#### [Try it]
Reprint the lines below as they are, minus the pictures.

*** Opening of Provided material ***

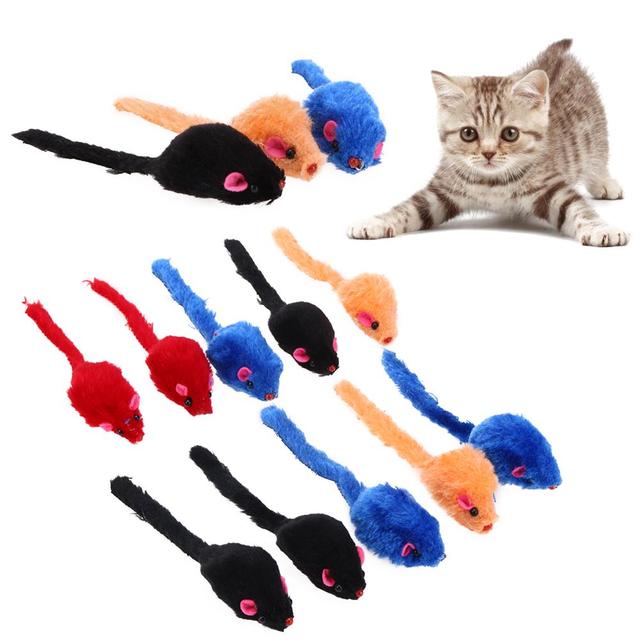 Zabawka dla kotów: Mini sztuczna mysz z kolorowymi piórkami i pluszowym materiałem - zestaw 10 sztuk - Wianko - 4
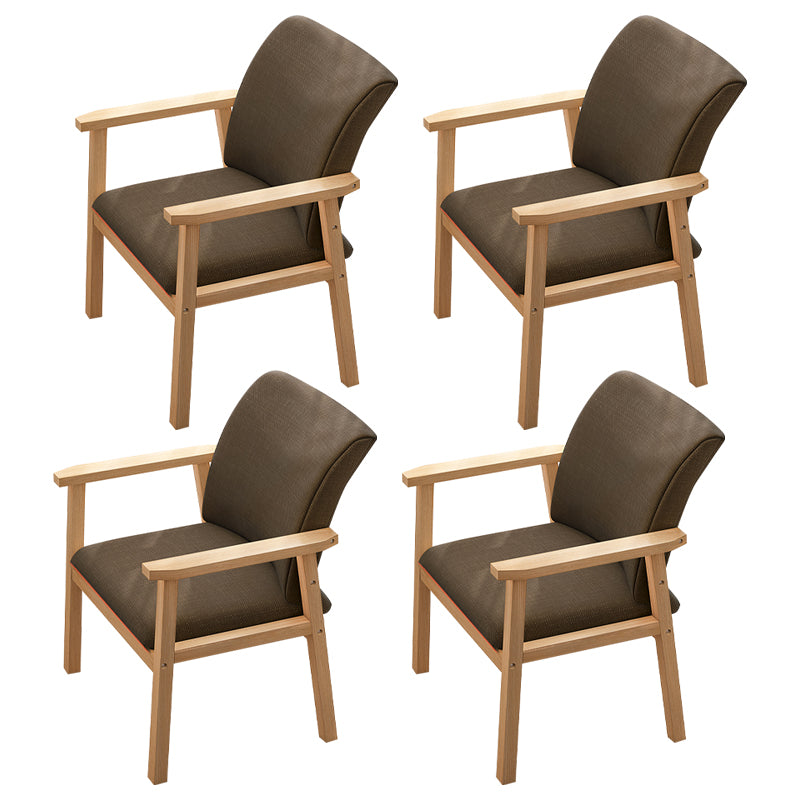 Chaise de salle à manger en bois avec fauteuil à dossier massif en bois d'hévéa scandinave avec pieds naturels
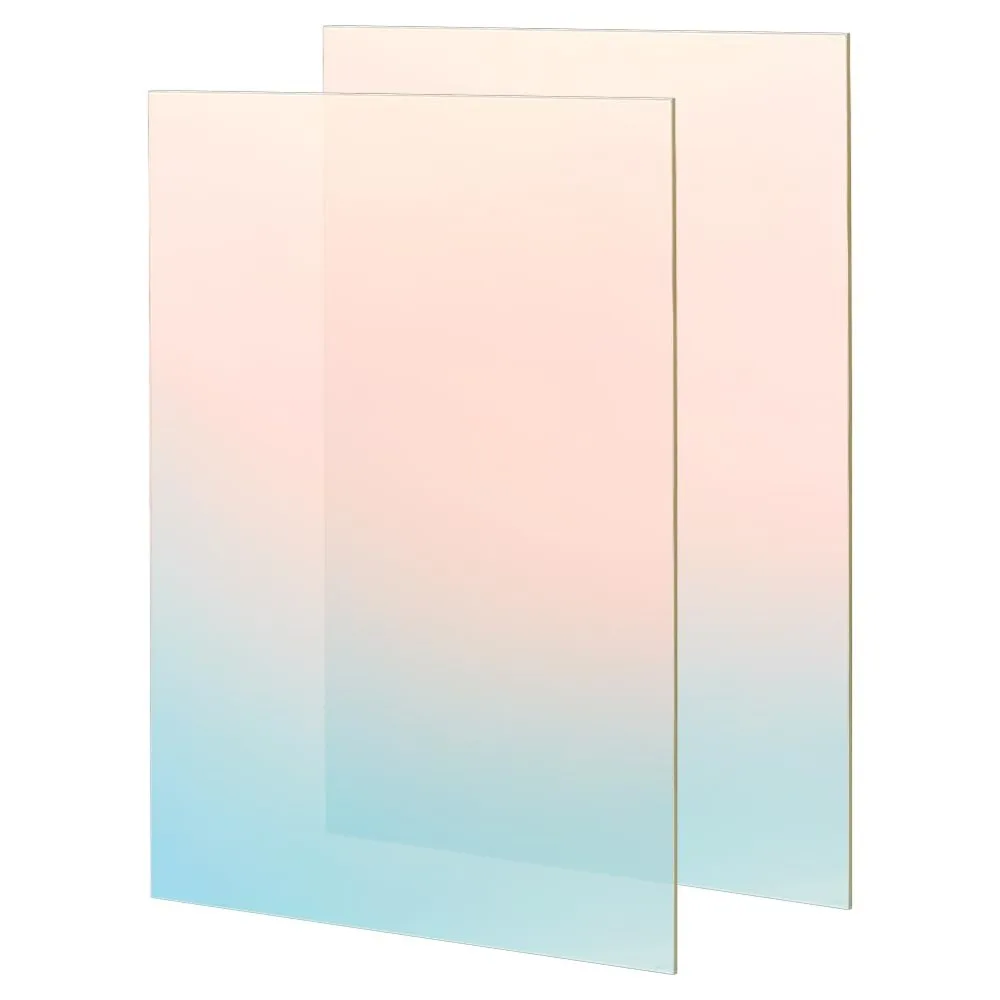 2 Stück schillernde Acrylplatten, 2,5 mm dick, Regenbogen-Plexiglasplatte, rechteckige Kunststoffplatte für Kunstprojekte, Bastelset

*** Close of Provided material ***

#### [Response to the exercise]
 Zabawka dla kotów: Mini sztuczna mysz z kolorowymi piórkami i pluszowym materiałem - zestaw 10 sztuk - Wianko - 4
 Chaise de salle à manger en bois avec fauteuil à dossier massif en bois d'hévéa scandinave avec pieds naturels
 2 Stück schillernde Acrylplatten, 2,5 mm dick, Regenbogen-Plexiglasplatte, rechteckige Kunststoffplatte für Kunstprojekte, Bastelset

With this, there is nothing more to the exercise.